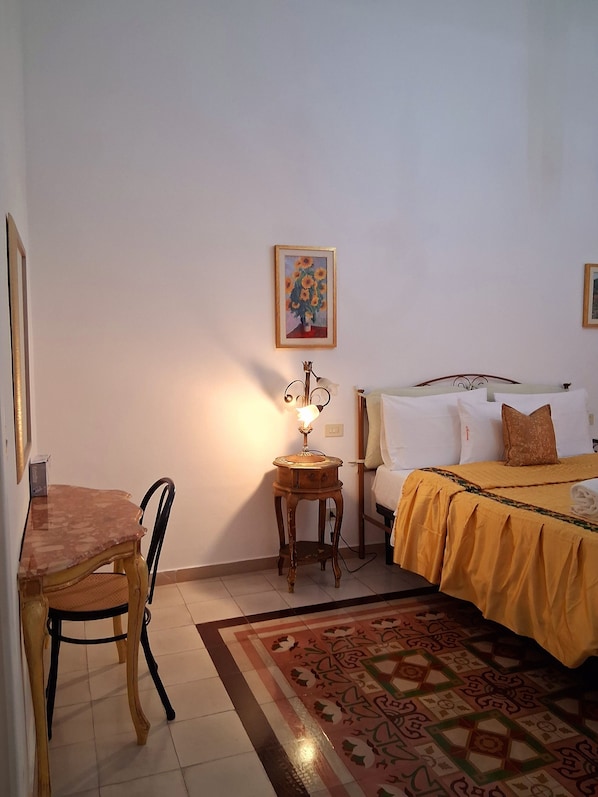 Deluxe Double Room, Non Smoking, Air conditioning | Laptop workspace, iron/ironing board, bed sheets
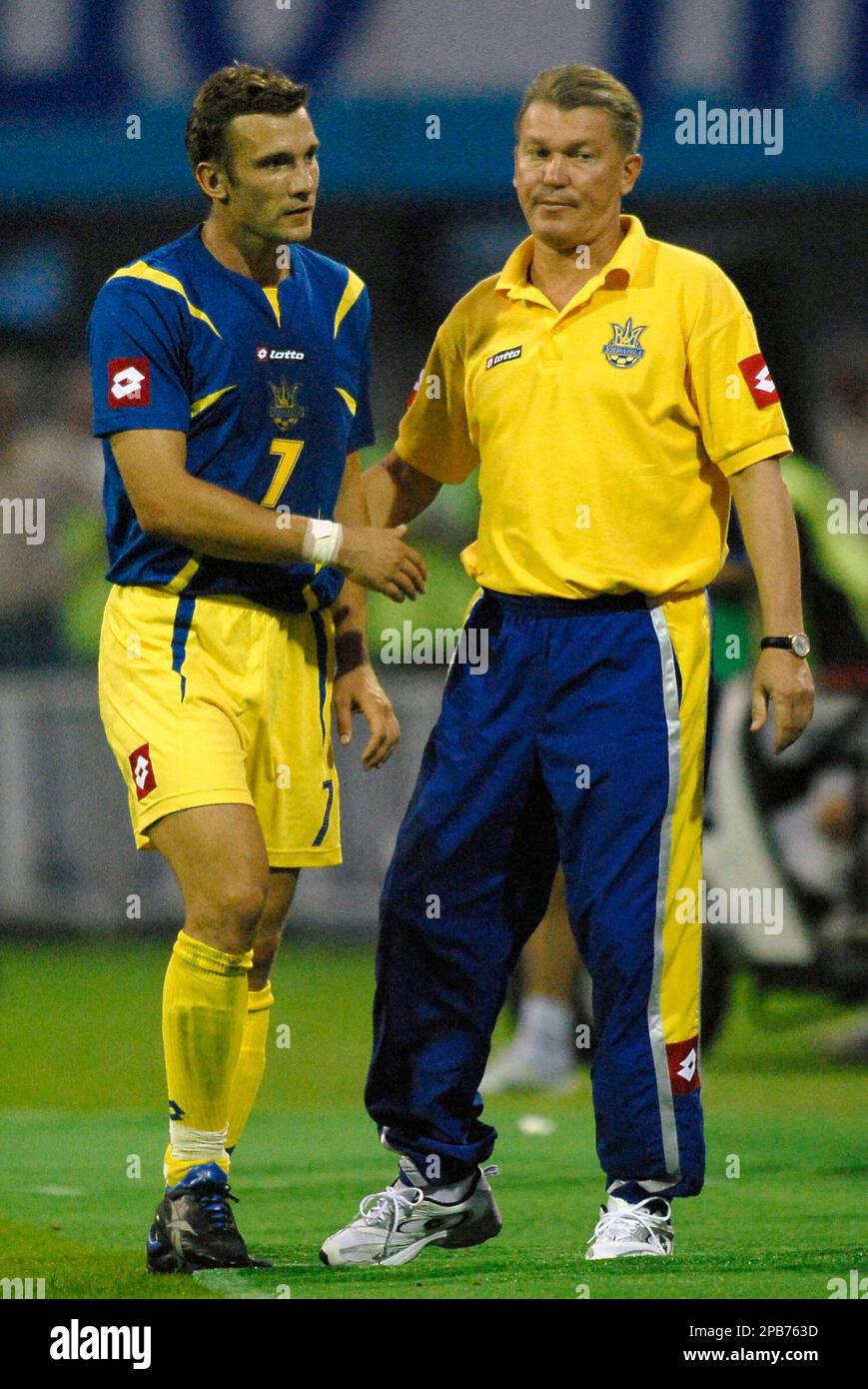 Ukraine's Andriy Shevchenko, left, and Ukraine's head coach Oleg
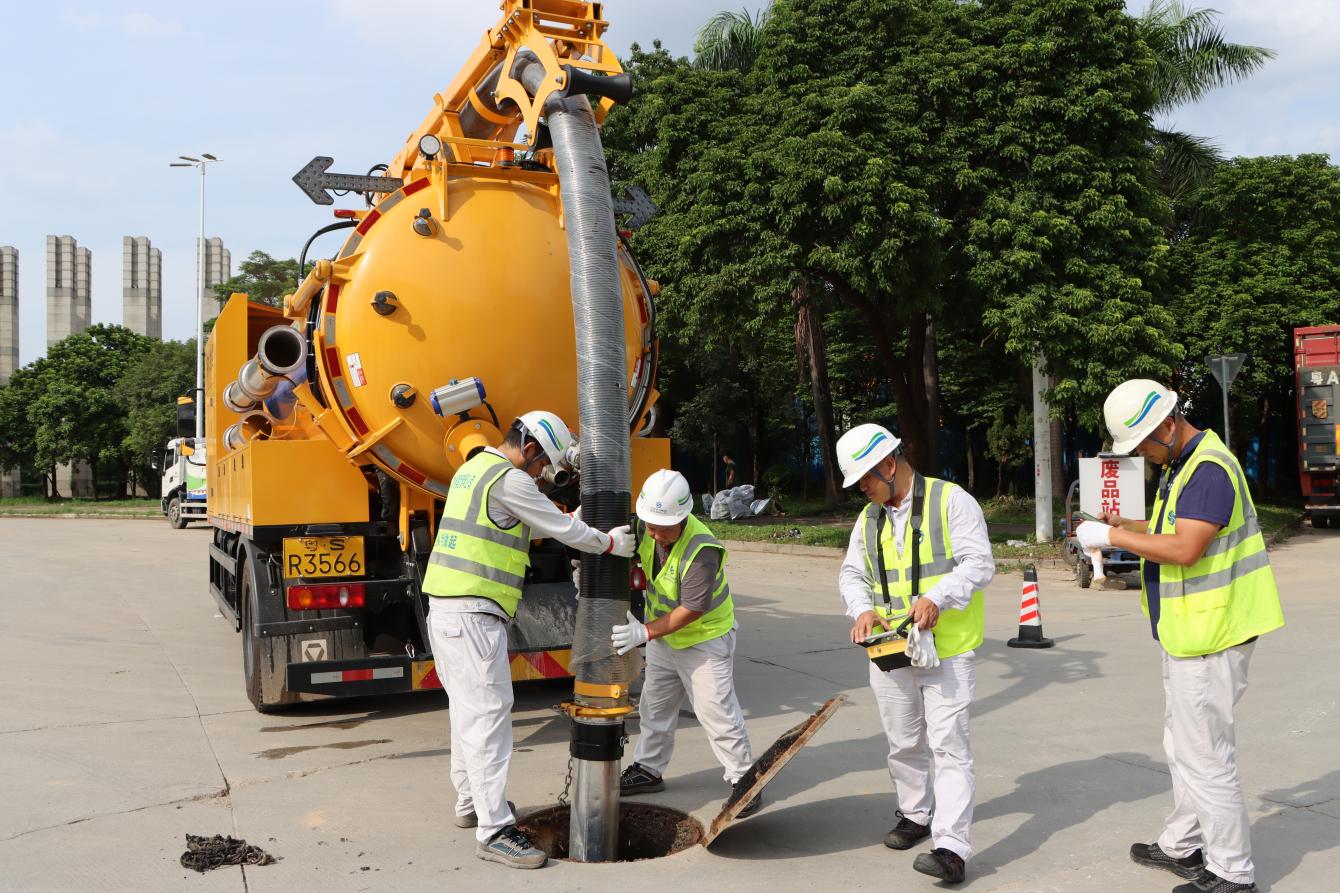 4.一线运维人员利用吸污车清理管道污泥.jpg 4.一线运维人员利用吸污车清理管道污泥.jpg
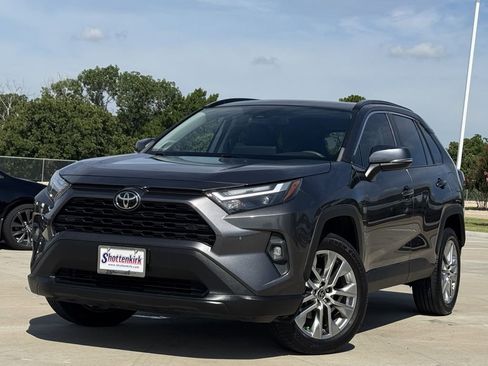Used 2023 Toyota RAV4 XLE Premium FWD image 2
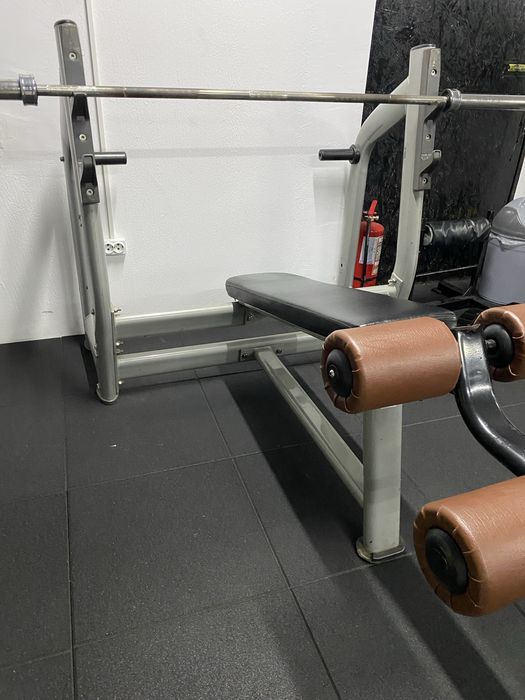 Banca declinata de piept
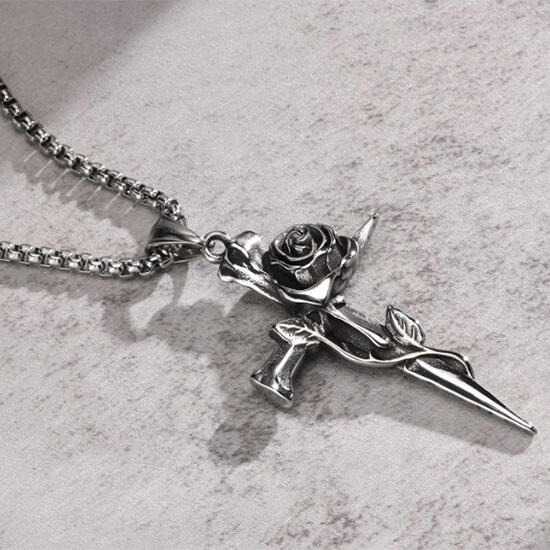 《QBOX 》FASHION 飾品【CPN-1870】精緻個性玫瑰花十字架鑄造鈦鋼墬子項鍊/掛飾-細節圖3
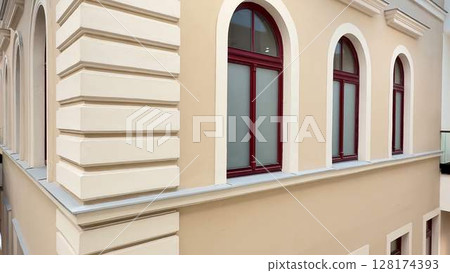 Aesthetic and Architectural Detail of a Modern Building Featuring Elegant and Stylish Windows 128174393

================================

*Problem description*.
Pictures stay out. Copy exactly, and only, the lines from the one containing "Banca declinata de piept" through the end of the data.

*Task answer*.
 Banca declinata de piept
 《QBOX 》FASHION 飾品【CPN-1870】精緻個性玫瑰花十字架鑄造鈦鋼墬子項鍊/掛飾-細節圖3
 Aesthetic and Architectural Detail of a Modern Building Featuring Elegant and Stylish Windows 128174393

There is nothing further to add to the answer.